Data Critique

Where is the dataset from?

Our dataset was pulled from the US Census website, with all data from 2021. The data was collected through the American Community Survey, and uses the Census Bureau’s Population Estimates Program to produce state population estimates.

What is included in the dataset?

Within the dataset is estimates of educational attainment for each state in the United States of America (including Washington, D.C. and Puerto Rico), divided between age and gender demographics. Numerical and percent estimates for total population, female population, and male population, along with margins of error, are given for each level of educational attainment. For example, the data for California would include, for each level of education in each age group, a total estimate of the educated population, a percent estimate of the educated population, a total female estimate, a percent female estimate, a total male estimate, a percent male estimate, and the margin of error for each of the estimates.

A big part of the dataset is divided between age groups and then split into different education levels. 

Age groups:
18 years to 24 years, 25 years and older, 25 to 34 years, 35 to 44 years, 45 to 64 years, 65 years and older

Educational attainment levels for the 18 to 24 years age group:
“less than high school graduate”, “high school graduate (includes equivalency)”, “some college or associate’s degree”, “bachelor’s degree or higher”

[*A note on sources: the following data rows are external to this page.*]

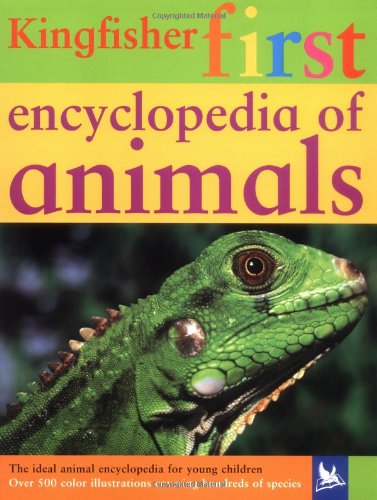 The Kingfisher First Encyclopedia of Animals (Kingfisher First Reference) by Editors of Kingfisher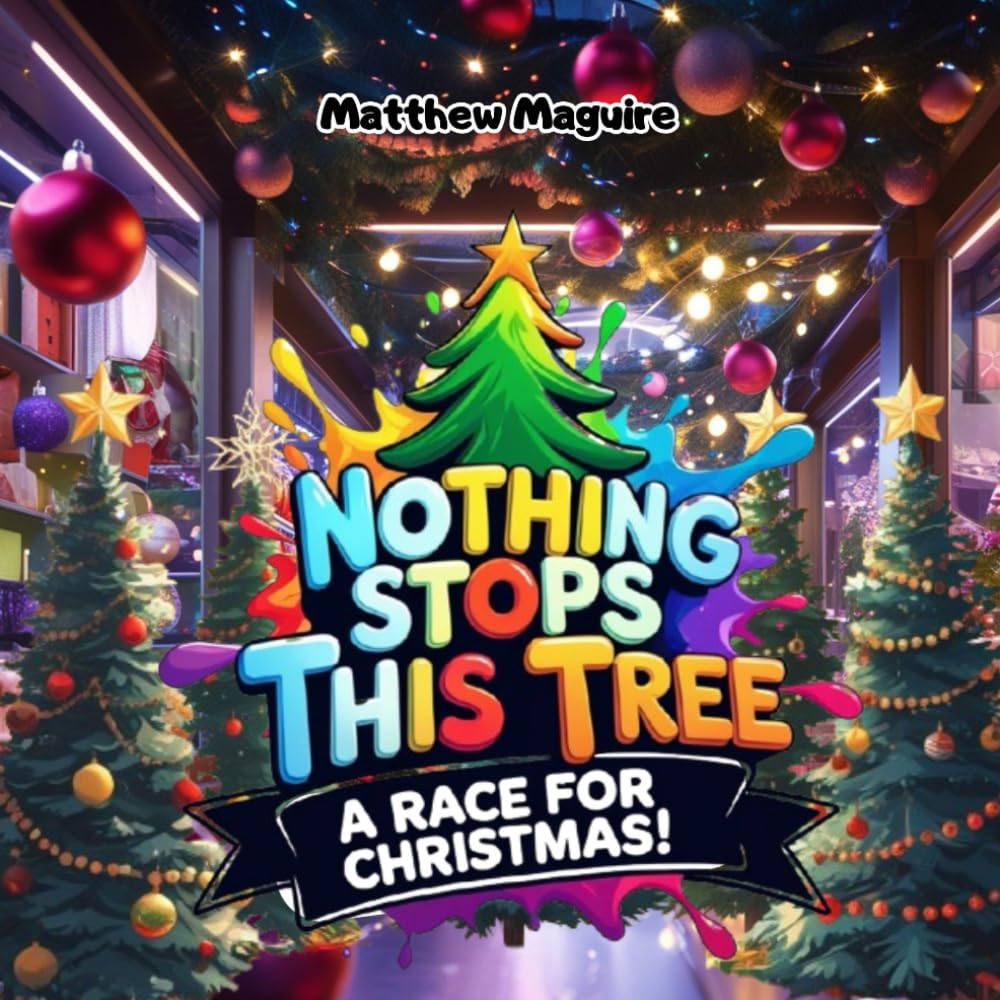 NOTHING STOP THIS TREE: A Race For Christmas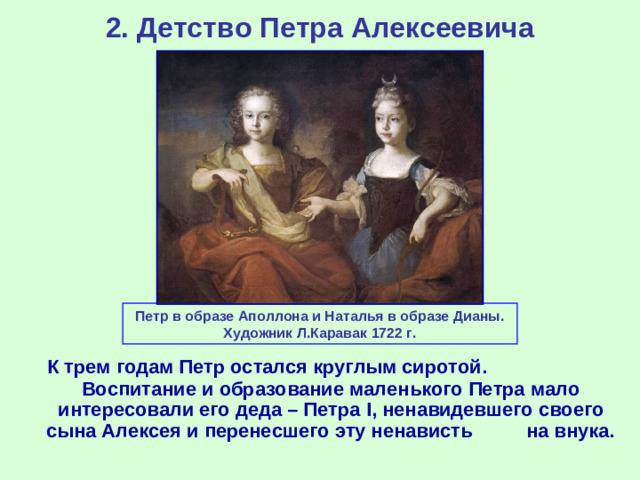 2. Детство Петра Алексеевича Петр в образе Аполлона и Наталья в образе Дианы. Художник Л.Каравак 1722 г.  К трем годам Петр остался круглым сиротой. Воспитание и образование маленького Петра мало интересовали его деда – Петра I , ненавидевшего своего сына Алексея и перенесшего эту ненависть на внука.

Educational attainment levels for the 25 years and older age group:
“less than 9th grade”, “9th to 12th grade, no diploma”, “high school graduate (includes equivalency)”, “some college, no degree”, “associate’s degree”, “bachelor’s degree”, “graduate or professional degree”, “high school graduate or higher”, and “bachelor’s degree or higher”

Remaining age groups:
“high school graduate or higher” and “bachelor’s degree or higher” 

-----
Also included is race or ethnicity by educational attainment data for each state. With the same estimate categories as the age by educational attainment previously listed, “high school graduate or higher” and “bachelor’s degree or higher” data are given for racial and ethnic groups rather than age groups.

Racial and ethnic groups:
White, White not Hispanic or Latino, Black, American Indian or Alaska Native, Asian, Native Hawaiian or Other Pacific Islander, Hispanic or Latino origin

-----
 After the race or ethnicity by educational attainment category is “poverty rate for the population 25 years and over for whom poverty status is determined by educational attainment level”.

Populations:
total population, male population, female population

Educational attainment levels:
“less than high school graduate”, “high school graduate (includes equivalency)”, “some college or associate’s degree”, “bachelor’s degree or higher”

-----
The final data category included in our dataset is “median earnings in the past 12 months (in 2021 inflation-adjusted dollars)” for the 25+ population.

Populations:

total population, male population, female population

Educational attainment levels:
“less than high school graduate”, “high school graduate (includes equivalency)”, “some college or associate’s degree”, “bachelor’s degree”, “graduate or professional degree”

What does the data reveal?

Our dataset is able to shed light on the trends in educational attainment by gender and race. The main discovery revealed by this dataset is that women in every state achieve higher educational attainment at each level than men. However, men consistently have higher median earnings than women, showing that there is a disconnect between educational attainment and earnings.

What are some data silences?

At a basic level, the educational attainment levels of age groups besides 18 years to 24 years and 25 years and older only have data on “high school graduate or higher” and “bachelor’s degree or higher." Additionally, in the race/ethnicity by educational attainment data, the racial/ethnic groups do not include mixed people, whose data is under nonspecific categories like “some other race alone” and “two or more races." Because there wasn't enough information on these groups, we had to exclude them from most parts of our narrative. 
 
Next, since information in the US Census is self-reported, inaccurate data and nonresponse bias may be present in our dataset. This can possibly affect the level of significance in parts of the data, and lower the accuracy of our insights. Naturally, people who chose to not participate or not answer all the questions on the 2021 Census are silenced.

Furthermore, despite our findings, our dataset cannot unveil any greater information on the disconnect between educational attainment and earnings, since it lacks insight to the sociocultural factors that disadvantage women in the workplace. Also revealed from our dataset is the fact that Asians have the highest numbers of bachelor’s degree or higher attainment, followed by Whites. Again, our dataset is strictly numbers, and is unable to convey the social pressures behind these educational decisions.